- Nefertkau Nfr.t kau
| nfr | r&t | D28 |

= Nefertkau II =

Ancient Egyptian noble lady

Nefertkau II was an Ancient Egyptian noble lady, the wife of Prince Khufukhaf I, son of pharaoh Khufu.

Nefertkau and Khufukhaf had several children including two sons named Wetka and Iuenka, as well as an unnamed daughter. Both sons Wetka and Iuenka appear in the tomb of Khufukhaf and Nefertkau offering papyrus. They are both are given the title King's son. An unnamed daughter is depicted behind her seated parents in the inner hall of the mastaba. It is possible that an official named Khufukhaf II is a third son of Khufukhaf I and Nefertkau.

== Tomb ==
Nefertkau was buried in G 7130 in Giza located in the east field which is part of the Giza Necropolis.
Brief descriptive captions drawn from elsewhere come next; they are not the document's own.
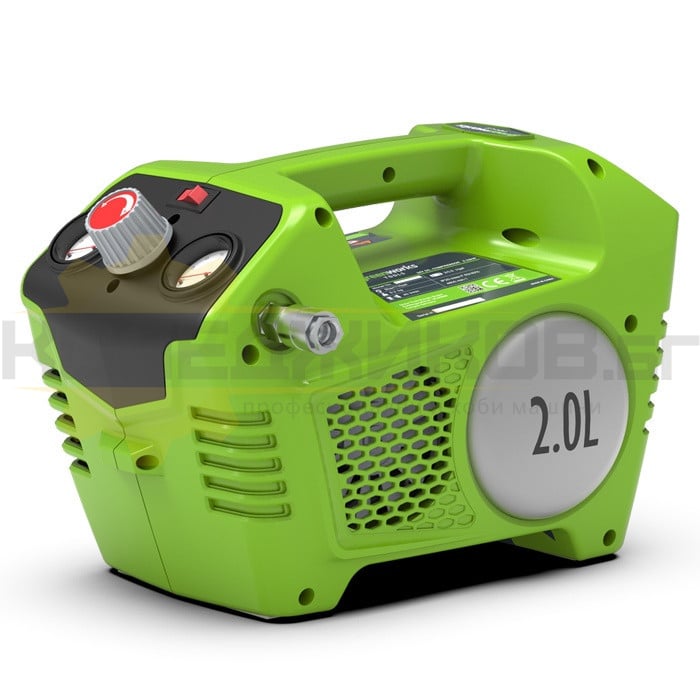 Акумулаторен компресор с батерия и зарядно GreenWorks G24AC - 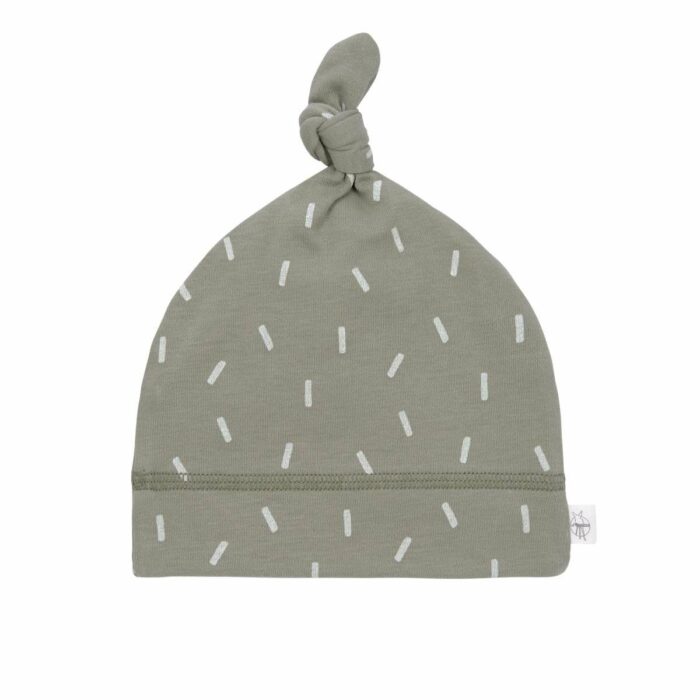 Bonnet Bébé - Coton Bio, Petits Traits Olive (Lassig)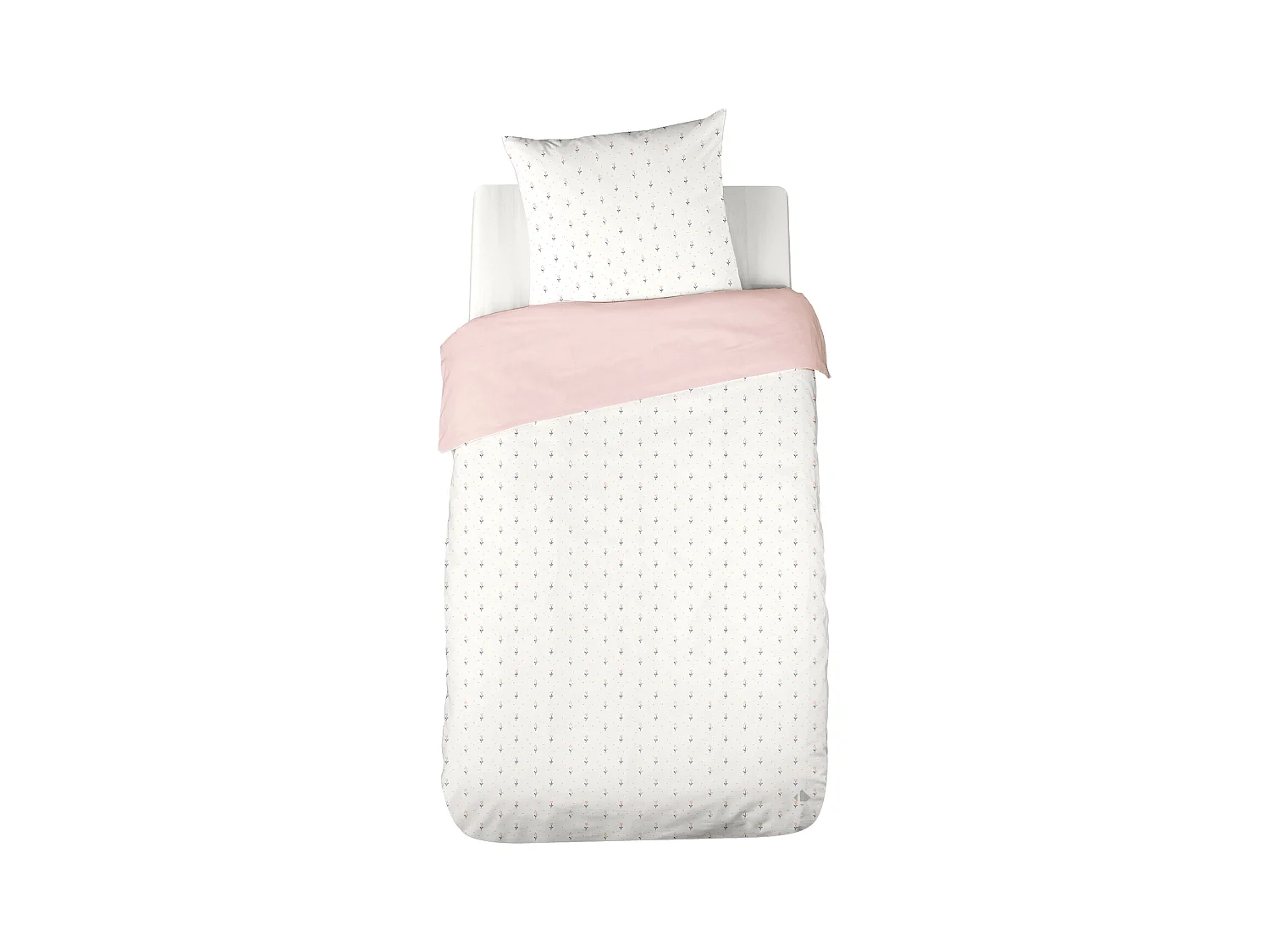 Parure de lit 140x200 cm double gaze de coton FIORI rose 2 pièces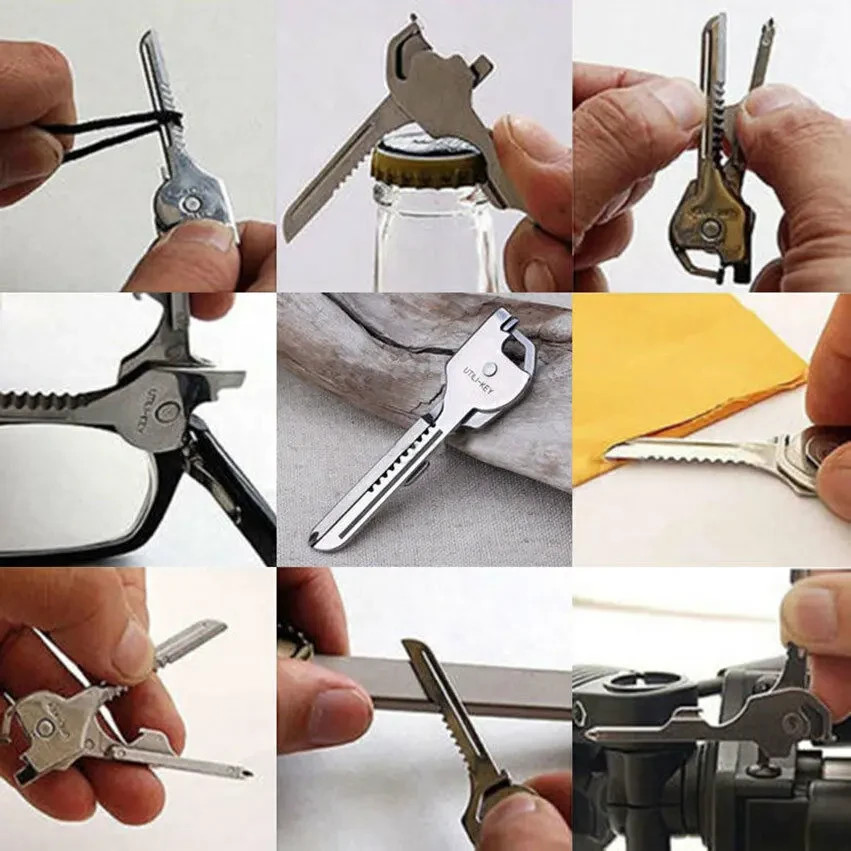 Swiss+Tech 6 In 1 Utili Multi Function Stainless Steel Key Tool Keychain Keyring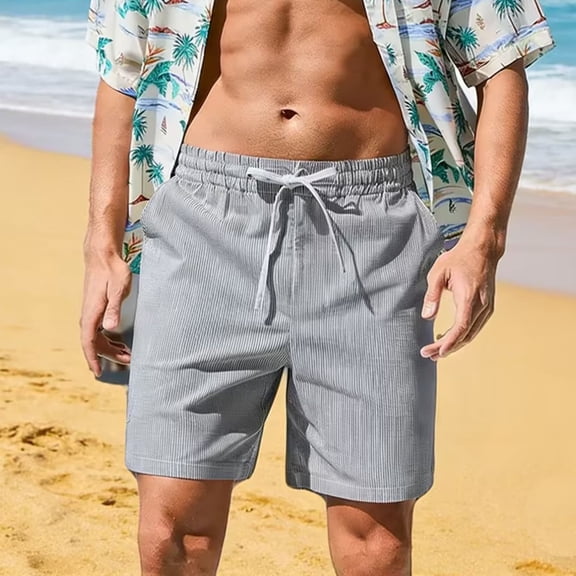 Dolkfu Striped Summer Shorts Mens Board Drawstring Shorts Elastic Waist Relaxed Fit Men's 5 Inch Inseam Shorts S
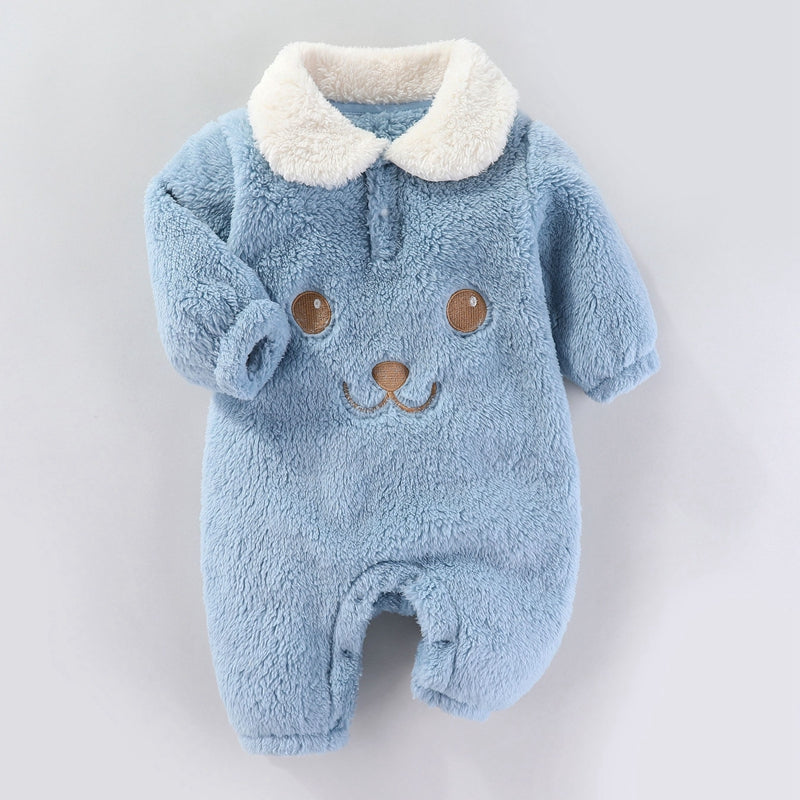 Cute Newborn Baby Bear Face Romper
The tomb was part of the double mastaba constructed for Nefertkau and her husband Khufukhaf I. According to Reisner the construction of the tomb would have started by year 17-24 of the reign of Khufu.

Nefertkau is depicted in the hall and the inner hall of the mastaba. Fragments of inscriptions remain showing Khufukhaf I was depicted several times in her chapel. Her son Wetka is depicted at least once.

Nefertkau was buried in shaft G 7130 B. The shaft contained fragments of a red granite sarcophagus. The burial chamber had been reused in the Ptolemaic period. When excavated, a shaft was found leading to the Isis's temple nearby and intrusive shabtis were found on the floor.